__Your goal__:
Write out only the lines from the top of the listing below through the one with "Table basse noir", exactly as they stand, while keeping pictures out of the copy.
__________
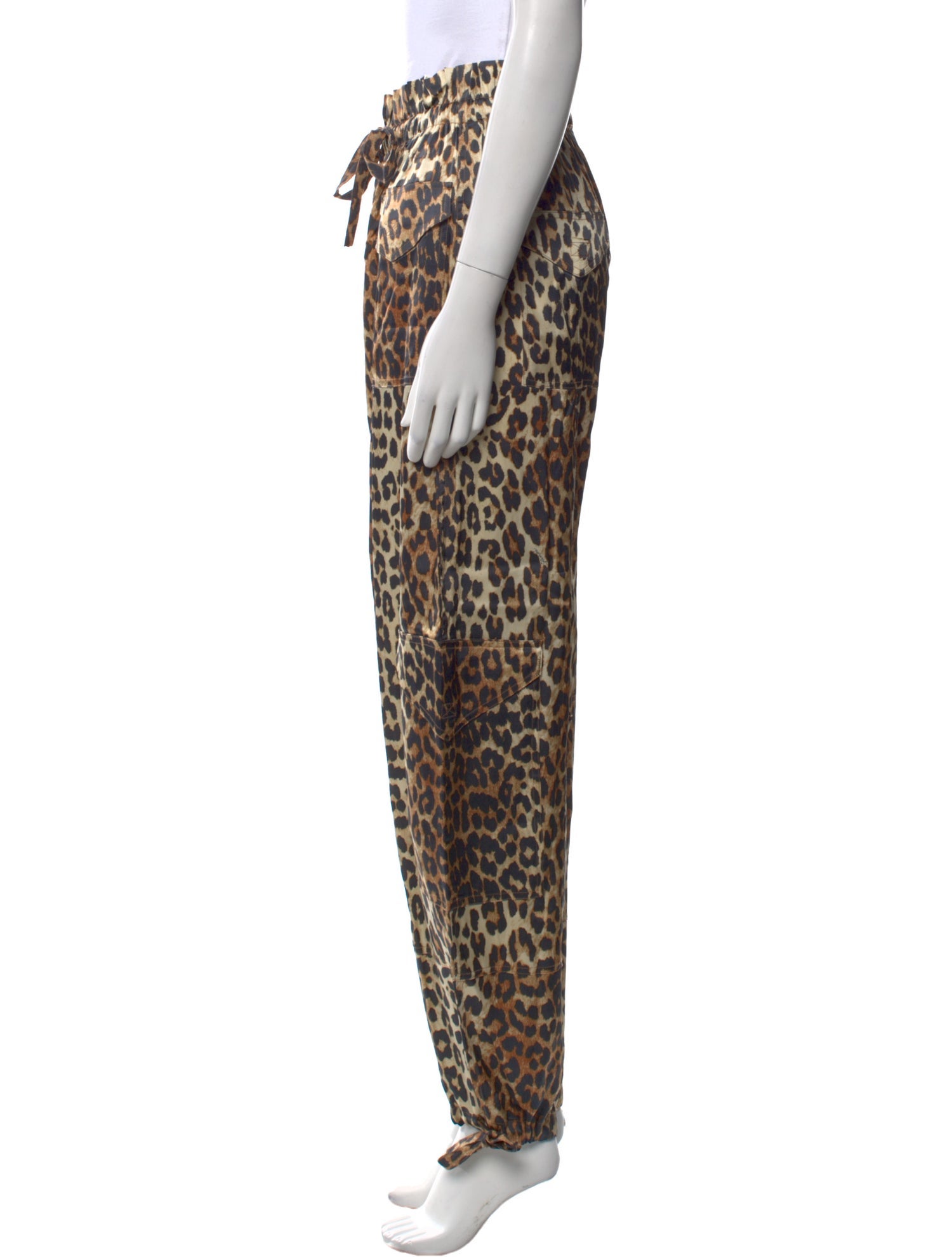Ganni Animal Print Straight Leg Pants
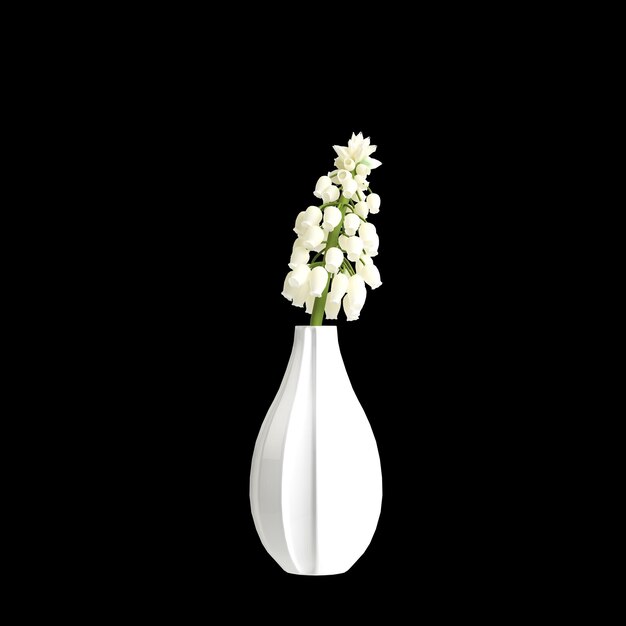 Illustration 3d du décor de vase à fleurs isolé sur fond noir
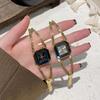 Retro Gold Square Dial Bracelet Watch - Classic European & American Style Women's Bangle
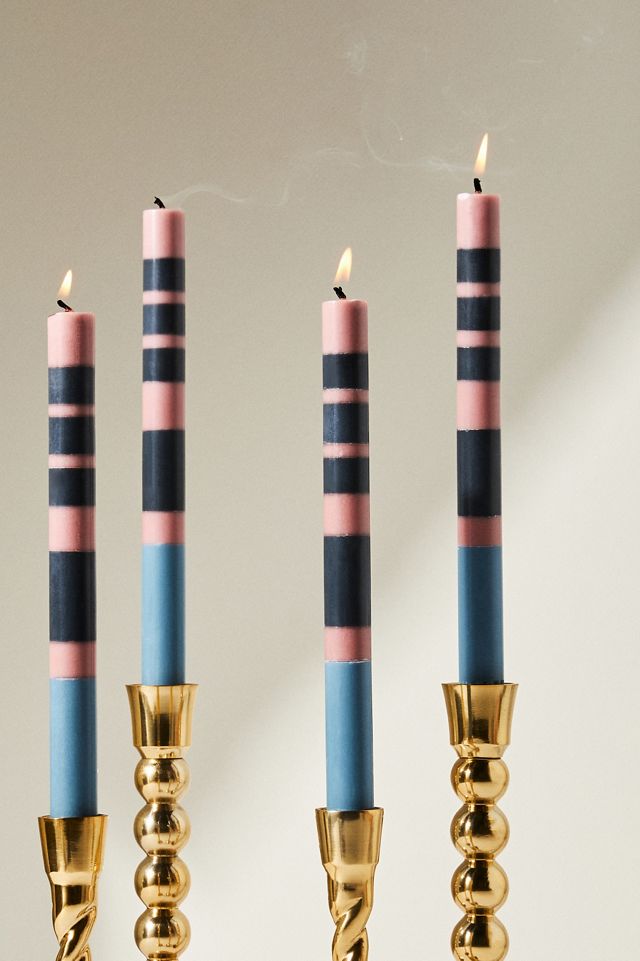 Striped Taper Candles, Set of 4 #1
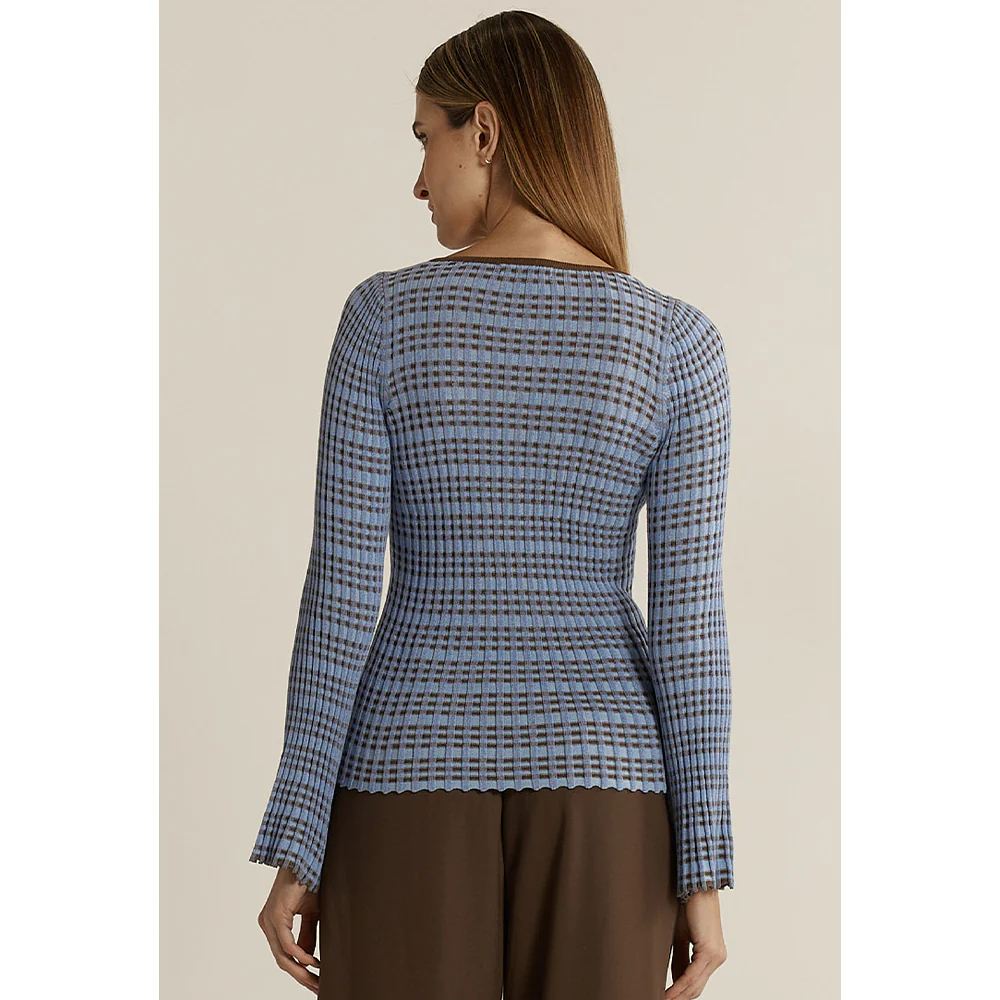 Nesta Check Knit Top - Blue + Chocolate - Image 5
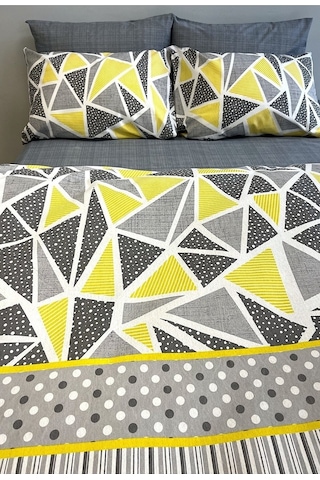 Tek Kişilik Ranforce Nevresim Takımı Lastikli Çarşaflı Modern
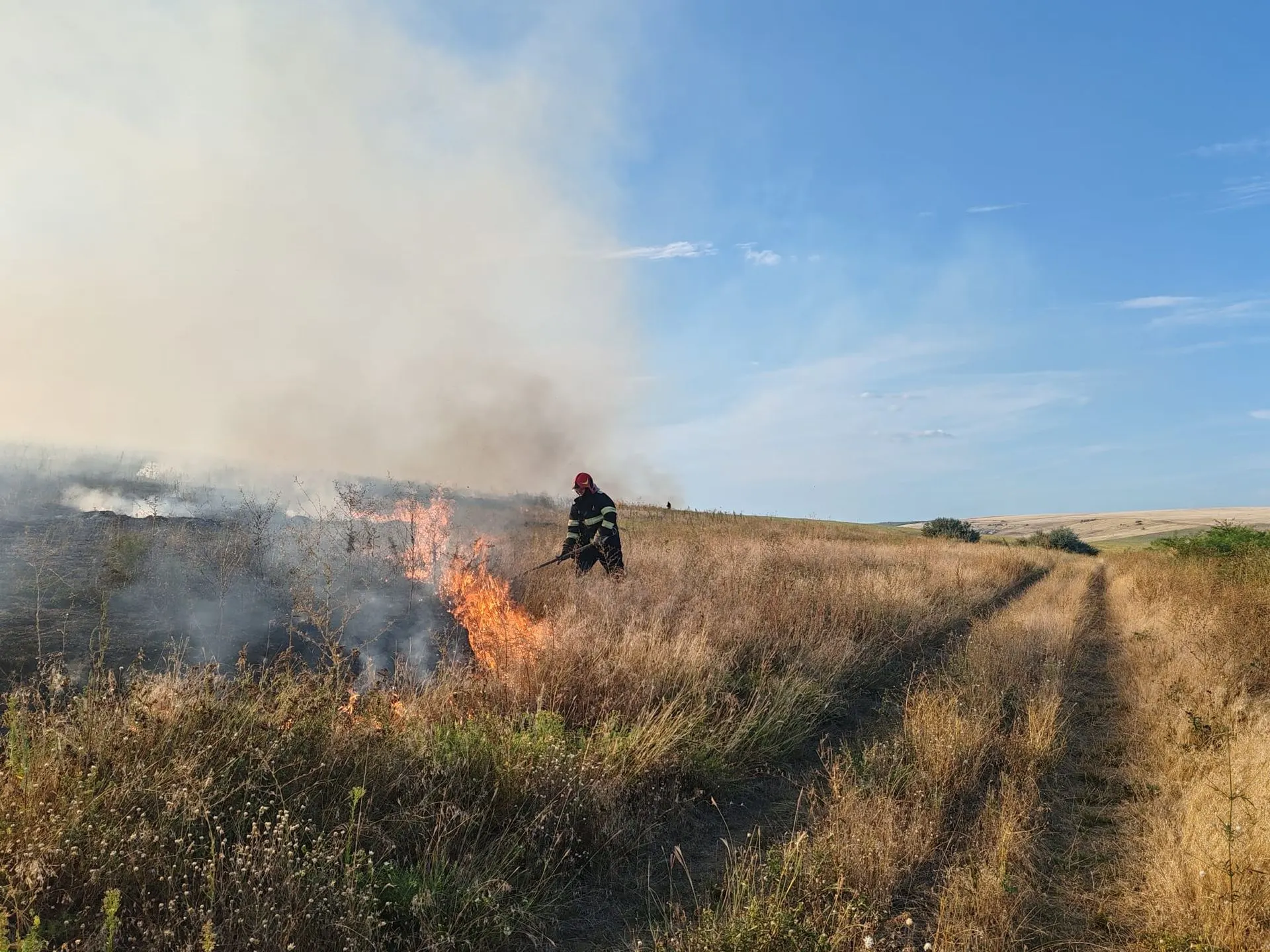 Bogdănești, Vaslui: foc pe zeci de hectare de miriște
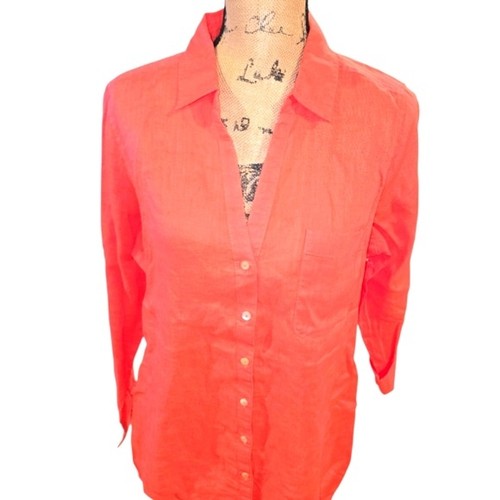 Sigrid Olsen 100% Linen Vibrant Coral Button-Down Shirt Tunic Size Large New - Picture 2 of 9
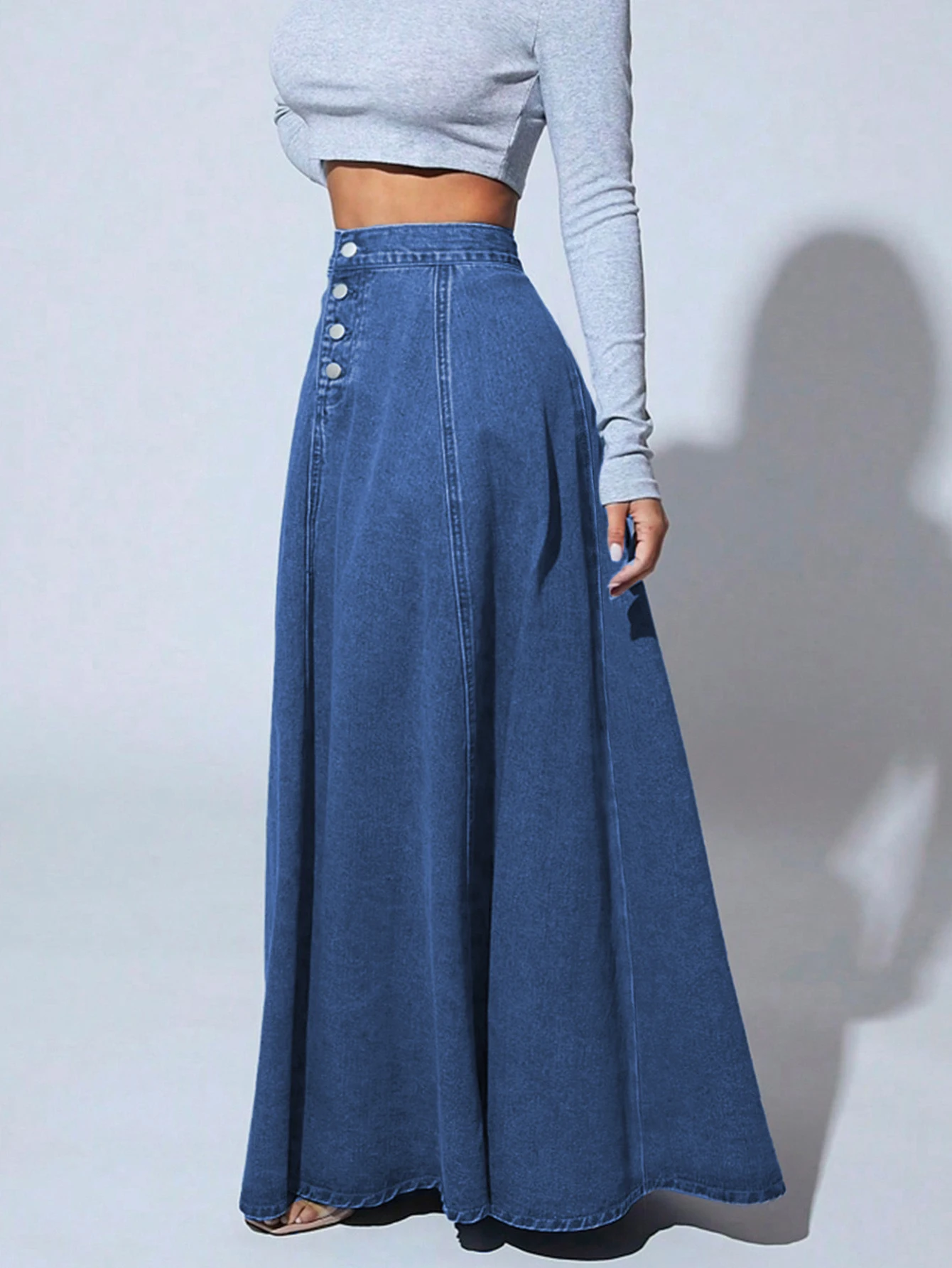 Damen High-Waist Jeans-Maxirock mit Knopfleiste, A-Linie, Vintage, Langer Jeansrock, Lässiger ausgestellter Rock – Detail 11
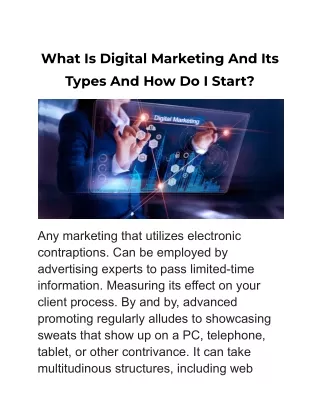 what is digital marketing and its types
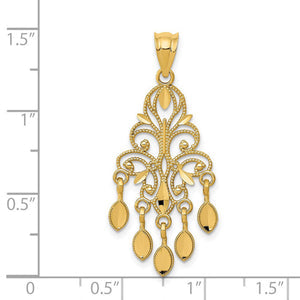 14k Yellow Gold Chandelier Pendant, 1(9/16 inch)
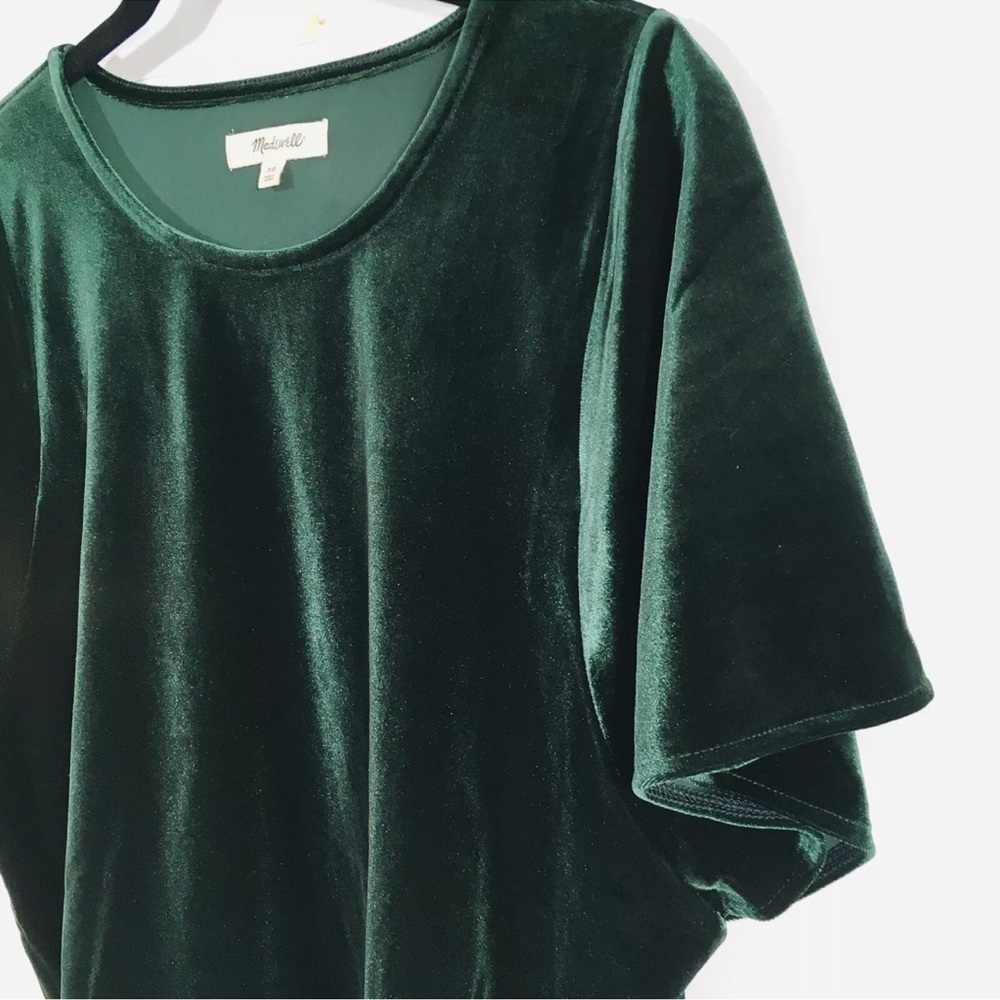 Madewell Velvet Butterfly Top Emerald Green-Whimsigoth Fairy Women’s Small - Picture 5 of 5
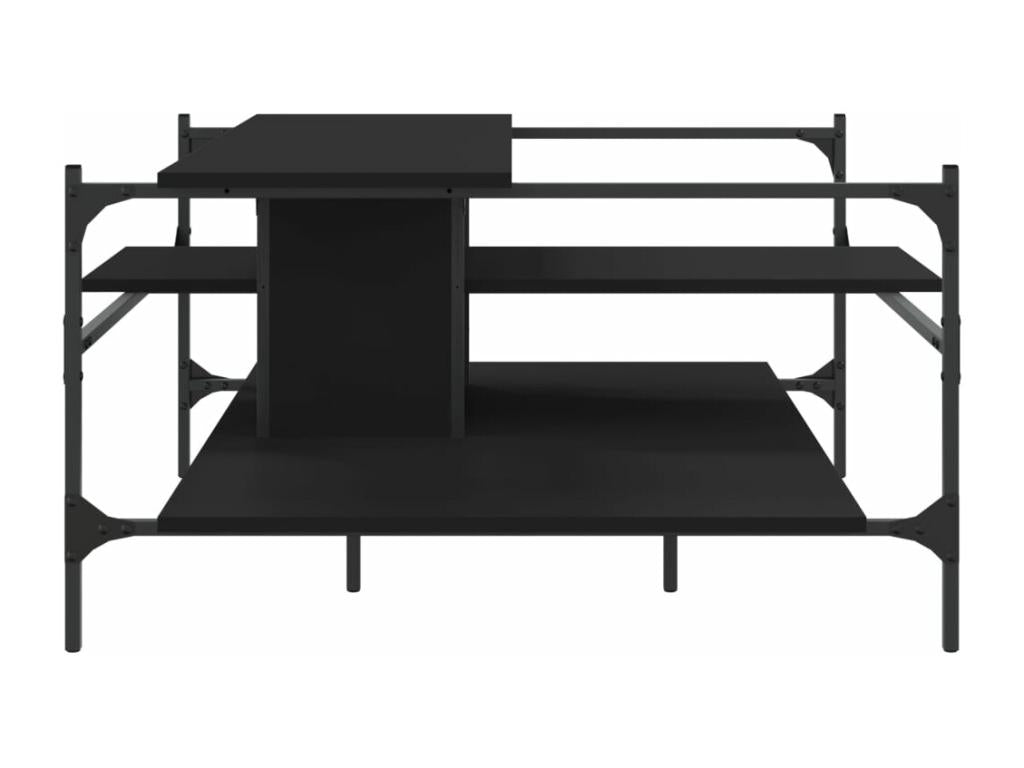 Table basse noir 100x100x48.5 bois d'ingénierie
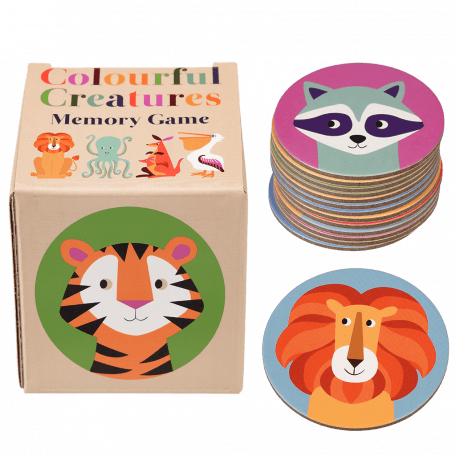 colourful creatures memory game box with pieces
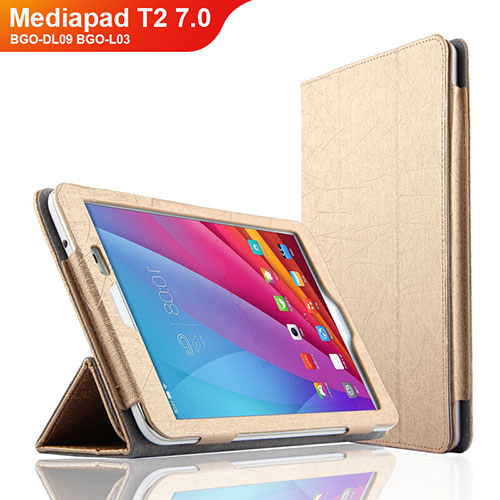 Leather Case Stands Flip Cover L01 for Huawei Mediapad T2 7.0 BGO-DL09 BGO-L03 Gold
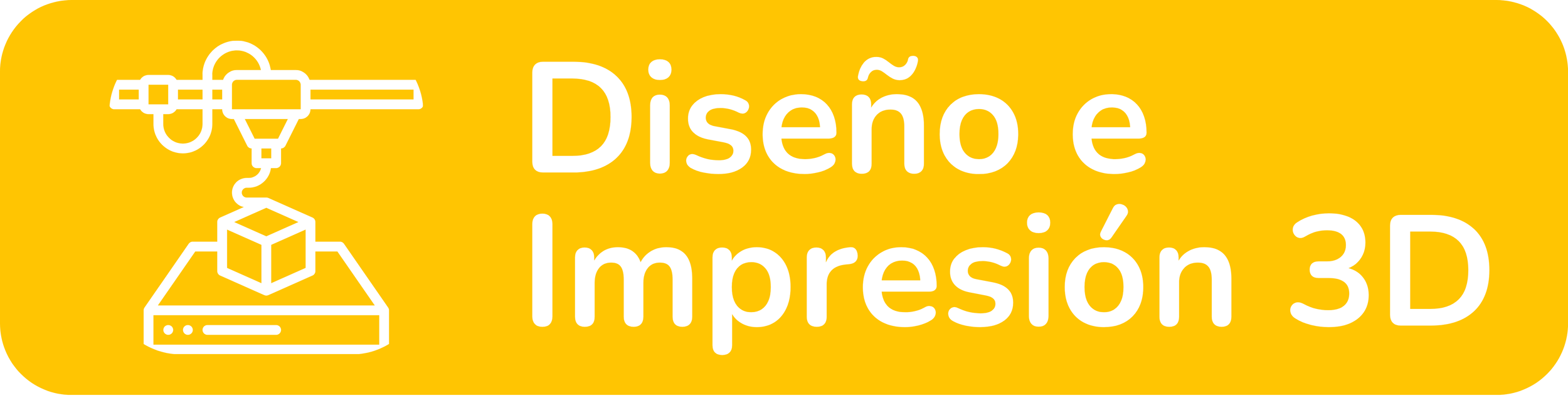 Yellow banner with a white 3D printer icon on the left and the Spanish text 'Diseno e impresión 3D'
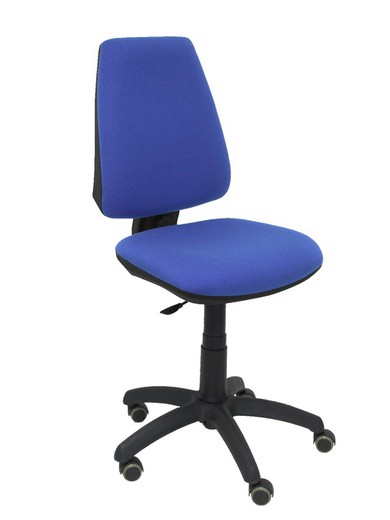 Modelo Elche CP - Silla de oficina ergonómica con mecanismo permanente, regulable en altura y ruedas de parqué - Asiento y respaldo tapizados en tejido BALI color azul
__________
__Solution below__:
Ganni Animal Print Straight Leg Pants
 Illustration 3d du décor de vase à fleurs isolé sur fond noir
 Retro Gold Square Dial Bracelet Watch - Classic European & American Style Women's Bangle
 Striped Taper Candles, Set of 4 #1
 Nesta Check Knit Top - Blue + Chocolate - Image 5
 Tek Kişilik Ranforce Nevresim Takımı Lastikli Çarşaflı Modern
 Bogdănești, Vaslui: foc pe zeci de hectare de miriște
 Sigrid Olsen 100% Linen Vibrant Coral Button-Down Shirt Tunic Size Large New - Picture 2 of 9
 Damen High-Waist Jeans-Maxirock mit Knopfleiste, A-Linie, Vintage, Langer Jeansrock, Lässiger ausgestellter Rock – Detail 11
 what is digital marketing and its types
 14k Yellow Gold Chandelier Pendant, 1(9/16 inch)
 Madewell Velvet Butterfly Top Emerald Green-Whimsigoth Fairy Women’s Small - Picture 5 of 5
 Table basse noir 100x100x48.5 bois d'ingénierie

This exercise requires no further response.